Burke’s accounts of the Baader-Meinhof gang and its bloody campaign will revolt readers, and not just for the obvious reason that the young militants plotted and carried out cowardly bombings that killed U.S. servicemen and innocent drivers and bodyguards. Ensslin, Baader, and Meinhof come off here as a deeply spoiled bunch. Baader, in particular, acts like a toff and a playboy in Burke’s account — a selfish, arrogant, self-indulgent lout who posed for erotic magazines, loved to drive and sometimes stole fancy cars, and rarely acted with maturity or restraint. These supposed allies of the poor often take advantage of the favors of rich and powerful friends, keeping out of the reach of the law by staying at their fancy residences in Italy and France. Far be it from these revolutionaries to have to rough it.

 

During their time at the Fatah camp in Jordan, the three young Germans prove inept with weapons, and on one occasion, Meinhof freezes after pulling the pin out of a grenade on the training ground, leading Baader to call her a “bourgeois sow.” They complain about having to consume a diet of rice, flatbread, water, and tea.
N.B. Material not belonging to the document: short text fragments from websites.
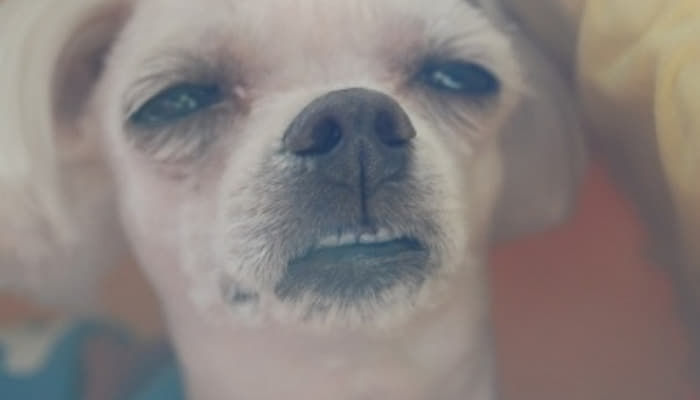 이미지 = 애니멀 플래닛 캡쳐 (https://m.animalplanet.co.kr/contents/?artNo=2499)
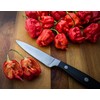 Carolina Reaper Red Pepper Seeds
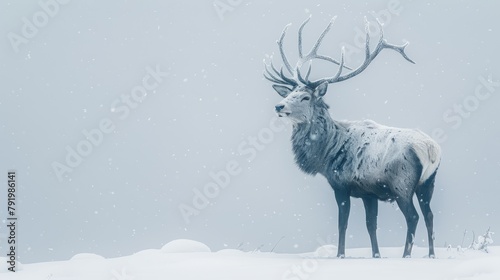   A large elk atop a snow-covered field during a wintry day, its antlers heavily coated with snow photo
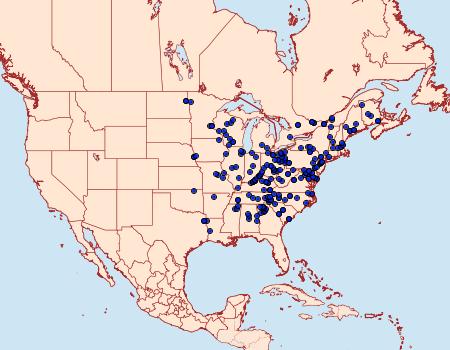 Distribution Data for Cerastis tenebrifera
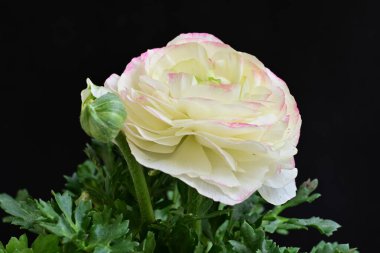 Güzel pembe ve beyaz çalılar siyah arka planda yükseldi 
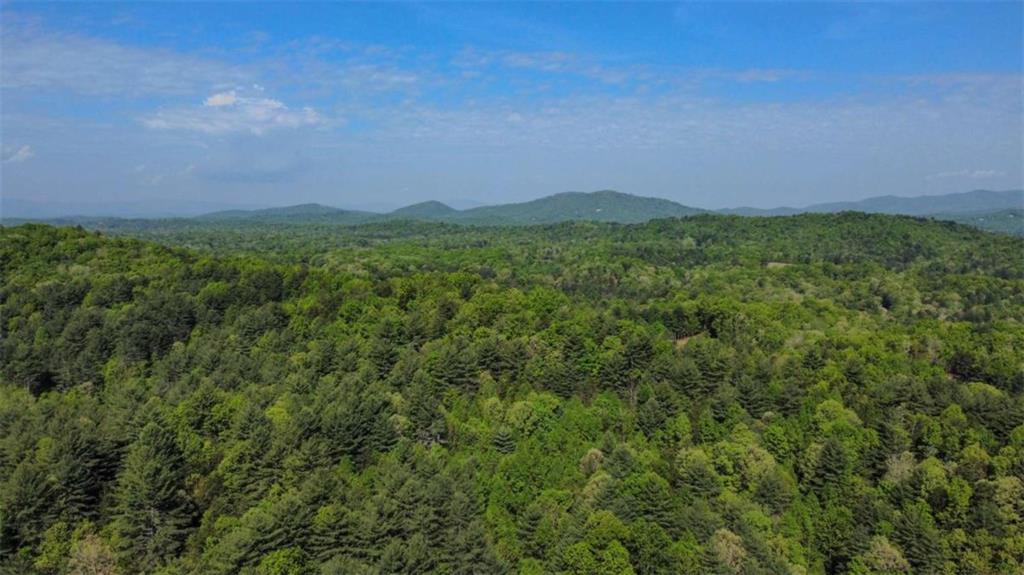 80-acr Valley Lake Road Mineral Bluff, GA 30559 - Photo 34 of 58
It is as if the revolutionaries, whose public personae are predicated on identification with the oppressed and impoverished, are saying to their hosts, You actually expect us to subsist on this standard-issue fare? What are we, a bunch of proles? The hosts are shocked that the revolutionaries want to sleep together and sunbathe in the nude. Germany’s textile-free bathing culture, fine dining, and other trappings of the bourgeois life are not dispensable just because the three happen to be guests in a terrorist training camp in Jordan.

 

Spoiled kids were the tip of the revolutionary spear in the 1970s. What a surprise — and how utterly unrecognizable to us today — that the co-executive directors of Indivisible, the Washington-based organization supporting the protests, are both graduates of elite Carleton College in Minnesota, whose annual tuition is over $90,000. Many of the protesters running riot in Minneapolis are relying at least partly on a $7.8 million funding package provided from George Soros through Indivisible, according to a New York Post report. One does have to wonder whether well-heeled, college-educated young sunshine soldiers in the war against oppression would give up their comfortable lifestyles for the good of their cause — or even trade places for one day with the immigrants they claim to champion.

 

Upon finishing Burke’s sweeping, nearly 800-page history, the reader may recall T. S. Eliot’s famous lines about how the end of our exploring “Will be to arrive where we started / And know the place for the first time.” Though Burke is not the first author to recount the terrors and traumas of the 1970s, his scope is broad enough that we — as witnesses to scenes today not unlike those that fill the pages of his account — are uniquely positioned to grasp the revolutionary dynamics that drove events of that earlier era. With that understanding, we can clearly see how much our present moment owes to the past one.